01 July 2009

Cons do unto DFAIT what they did unto SWC

Recall when the Harper Conservatives began changing the language - and thus mandate and eligibility criteria for grants - used for Status of Women Canada? These changes were seen on its website and other materials, and heard in any references the Cons made to the department. Words like 'equality' were erased.

Well they've not been idle when it comes to the Department of Foreign Affairs and International Trade either.

DFAIT insiders tell Embassy that since the Conservative government took power in 2006, political staffers have directed rank and file Foreign Affairs bureaucrats to stop using policy language created by the former Liberal government.

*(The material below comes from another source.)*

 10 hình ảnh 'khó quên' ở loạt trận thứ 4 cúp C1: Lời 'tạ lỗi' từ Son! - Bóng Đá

"There are phrases you are not supposed to use," said one Canadian diplomat, on condition of anonymity. "Anything that smacks of the previous government is totally verboten.

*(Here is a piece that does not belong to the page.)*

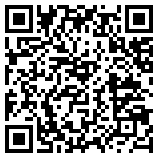 QR Code for Robertson & Koenig Optometry in Fallon, NV 89406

"There is this tendency, almost like a knee-jerk reaction, to discount or ignore or change whatever it is the Liberals did and let's put a new Conservative face on it," he added. "There's a whole range of words and expressions that are being depopulated out of the documents, and are replaced with ones that are more to the [Conservatives'] liking."

Chief among the forbidden phrases, multiple DFAIT insiders have told Embassy, are "human security," "public diplomacy" and "good governance." Preferred key words include "human rights," the "rule of law," and "democracy" or "democratic development."


When you change a language, you change a culture.

The Cons are transforming Canada one word at a time.